Forgive my skepticism, but my understanding from reading Army papers on engagement ranges in Afghanistan is that the typical firefight in Afghanistan occurs at ranges of about a kilometer (due to range limitations on weaponry). Urban fights in Iraq were much closer, on the order of 100m, but if you're claiming that Afghanistan fights average 30m then I just don't believe you know better than the Army does. Sorry if I'm misunderstanding your claim.
BTW, you seem a bit confused on the ratio between meters and feet. 30 meters is 100 odd feet, not 60.
In very open and mountainous terrain (i.e. where you are on higher ground, and there is no terrain or cover for your enemy to hide behind, such as Afghanistan) engagement distance can be pushed out to half a mile or so (around 800m) away but that is generally very rare indeed.
This bears out in my practical experience as well.
Seriously. Walk outside and tell me if you can see a mile (1600 meters) in any one direction.
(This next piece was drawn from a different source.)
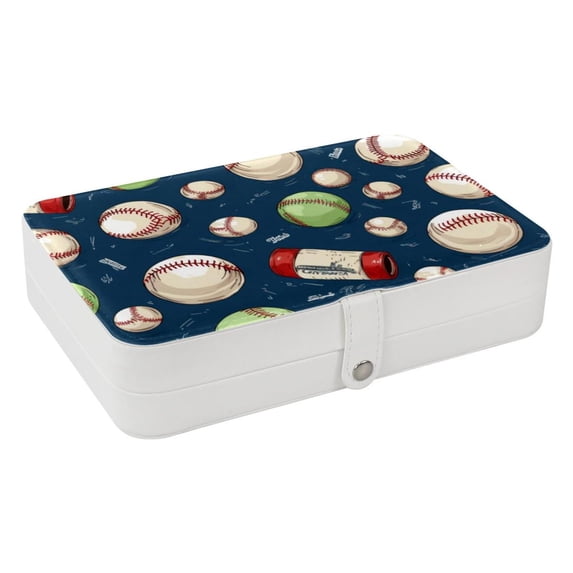 Baseball Elegant PU Leather Jewelry Box Organizer with Removable Compartment, Portable Jewelry Display & Bracelet Holder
Here in Washington it's hilly enough that I often can only see half a mile. Sometimes I can see a mile or more, along roads, when it's either flat or elevated terrain. And that's without even deliberately trying to gain elevation, like I would if I were, say, a PC who is actively expecting life-and-death struggles and has a vested interest in knowing who or what is around to kill him. There's a reason the DMG gives standard visibility range as 1-2 miles.
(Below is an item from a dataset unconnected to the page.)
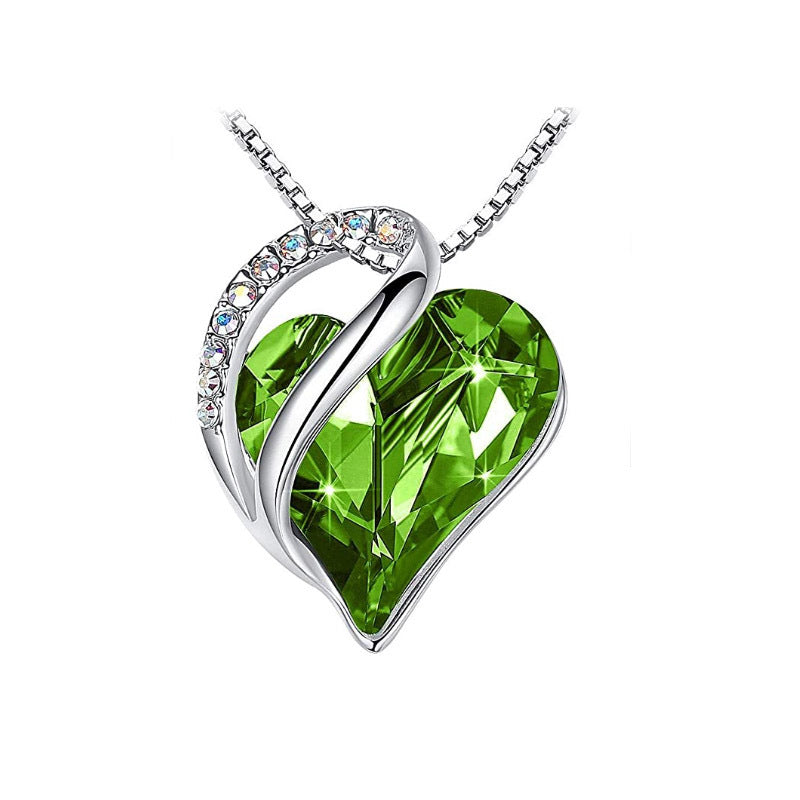 Green Heart Shaped Crystal Necklace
Try it again when you are next out in urban, woods, forest, scrub, hills, swamp etc etc.... basically anywhere outside. Its next to impossible.
In anything less than a situation where you are on top of some high terrain and looking down into a valley (or looking over a large lake, dead flat desert, or out at sea) you are not going to bump into anyone until you're (within less than a hundred foot) or so. *snip* Seriously; people [even trained scouts and SF soldiers] don't generally look at what's a mile in front of them. Humans only generally scan 100' and closer, with a focus on objects that are within the closest 20 or so feet.
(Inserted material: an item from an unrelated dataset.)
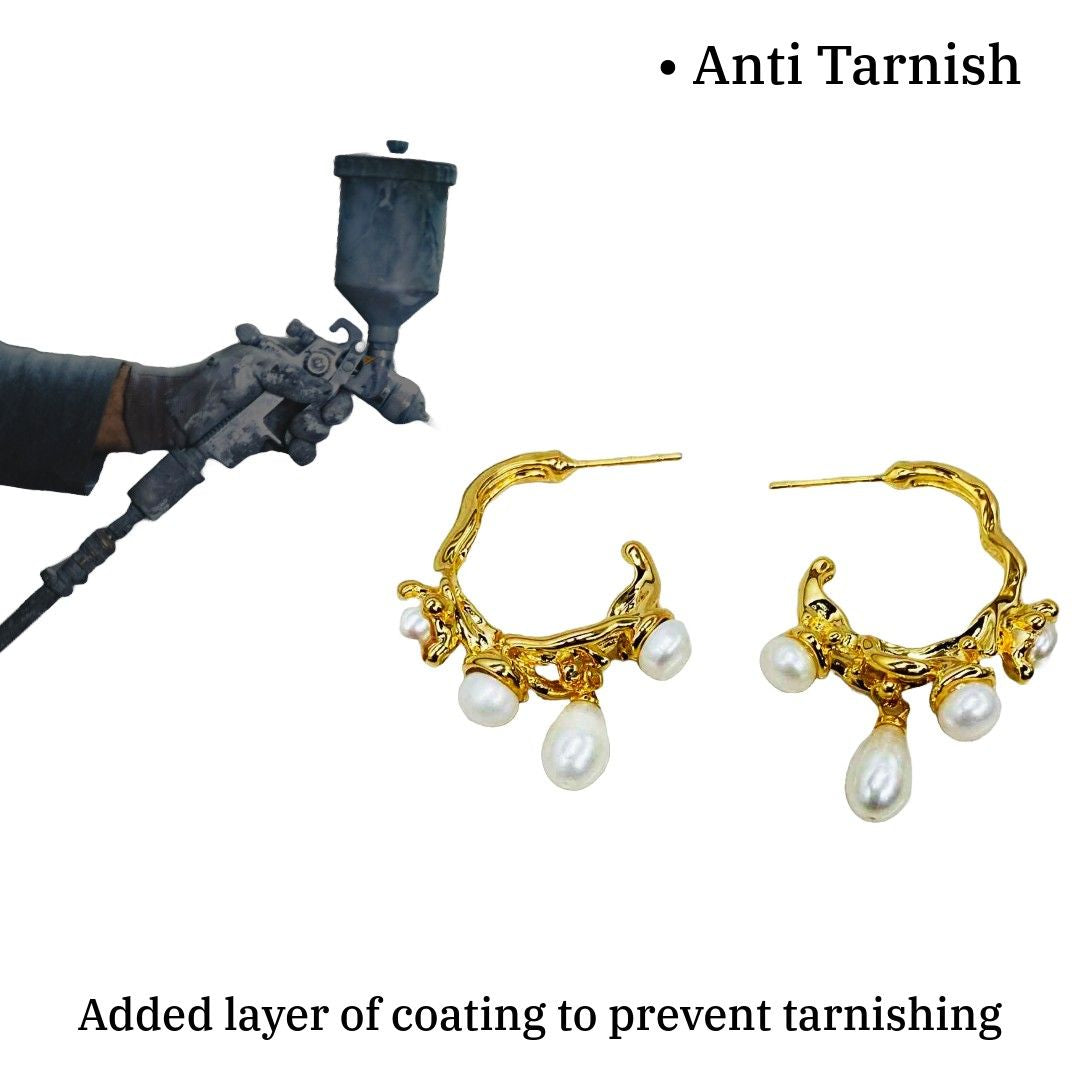 Artificial Gold Plated Jewellery | Multiple Pearl Drop Hoop Earrings | Anti Tarnish | Water Resistant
I don't know about you, but I scan at least 500' ahead of me even when I'm just casually
driving, not even fighting for my life. You keep talking as if PCs spend all their time in thickets and undergrowth; I'll agree that 1 mile is not a realistic encounter distance for forested terrain, but when I said that I start many or most encounters at distances of 1 mile (absent Stealth) you can then infer that my campaign
doesn't happen in a thick forest. Furthermore, when PCs are travelling, they generally travel through open terrain instead of through thick forest because it is faster. The same factors that lead to faster travel also support higher visibility.
When one or both parties try to employ Stealth, engagement ranges at my table shrink considerably, so combat won't occur until someone fails Stealth, even if the encounter "started" further out. Each successful Stealth roll gets you half the remaining distance to the enemy without being spotted. Potentially they might never notice each other at all.
And I just flat out don't share your apparent belief that an SF scout or veteran PC won't generally notice a large body of non-stealthy enemy troops until they get within 100' of him. That is shorter than my driveway!